The fight to build and sustain affordable housing isn’t always easy. But the challenges faced have demonstrated St. Albert’s determination to provide support to those most in need.

For more than a decade, St. Albert Affordable Housing Society has campaigned to end homelessness and provide viable rental accommodation to those most vulnerable.

Through its more recent Home Connection program, single parents, seniors, disabled adults, women escaping domestic violence and families with disabled children have received much needed support.

The concept behind the Home Connection Program is to provide rental subsidies with a goal towards independence, said operations manager Carol Sloan.
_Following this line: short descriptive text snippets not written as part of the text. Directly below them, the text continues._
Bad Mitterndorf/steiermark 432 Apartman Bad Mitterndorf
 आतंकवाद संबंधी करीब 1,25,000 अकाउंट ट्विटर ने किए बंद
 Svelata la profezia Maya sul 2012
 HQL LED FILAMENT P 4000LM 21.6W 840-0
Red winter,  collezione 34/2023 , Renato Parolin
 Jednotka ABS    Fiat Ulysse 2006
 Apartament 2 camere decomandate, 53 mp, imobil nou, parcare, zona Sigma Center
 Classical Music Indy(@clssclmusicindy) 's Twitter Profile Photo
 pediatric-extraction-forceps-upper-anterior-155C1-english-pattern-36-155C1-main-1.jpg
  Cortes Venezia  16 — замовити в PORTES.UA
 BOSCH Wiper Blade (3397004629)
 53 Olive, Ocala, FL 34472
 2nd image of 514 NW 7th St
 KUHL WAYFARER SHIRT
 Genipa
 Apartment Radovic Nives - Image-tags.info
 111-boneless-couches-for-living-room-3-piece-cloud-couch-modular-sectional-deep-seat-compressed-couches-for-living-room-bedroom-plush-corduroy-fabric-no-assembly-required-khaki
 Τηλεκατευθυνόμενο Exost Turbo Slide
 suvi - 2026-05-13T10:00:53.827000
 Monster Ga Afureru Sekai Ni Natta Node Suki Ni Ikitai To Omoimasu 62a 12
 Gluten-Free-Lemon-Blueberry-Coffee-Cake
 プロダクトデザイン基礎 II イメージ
“It’s more serious than people realize. I get calls every day. St. Albert has one of the highest rental rates in Alberta. We need workers, but if they’re earning minimum wage and they’re paying more than 30 per cent of income, they’re really struggling.”

Although the society is facing a projected 37 per cent cut to its operating grant, it is determined to continue making a difference in the lives of individuals and families in need.

It is hosting the 2018 Homestyle Breakfast Benefit, a major fundraiser that provides a needed infusion of funds, on Tuesday, Oct. 30, at the St. Albert Curling Club.

Although still in the planning stages, the society will announce a tentatively named Home Connections Social Media Campaign at the breakfast. It is a push for donations asking people to pledge small amounts on a monthly basis.

“We would like to encourage 400 families to donate $25 a month. Even $25 a month can make a big difference to the families we help. It’s just so important to our fundraising and giving on a monthly basis will be a big help,” said vice-chair Cheryl Dumont.

This year, the breakfast’s special guest is Doug Griffiths, a retired MLA and author. The Ardrossan resident grew up in Coronation where he ranched and taught high school.

But it was his work as a four-term MLA holding cabinet portfolios as minister of Municipal Affairs as well as minister of Service Alberta that provided a foundation for his viewpoints.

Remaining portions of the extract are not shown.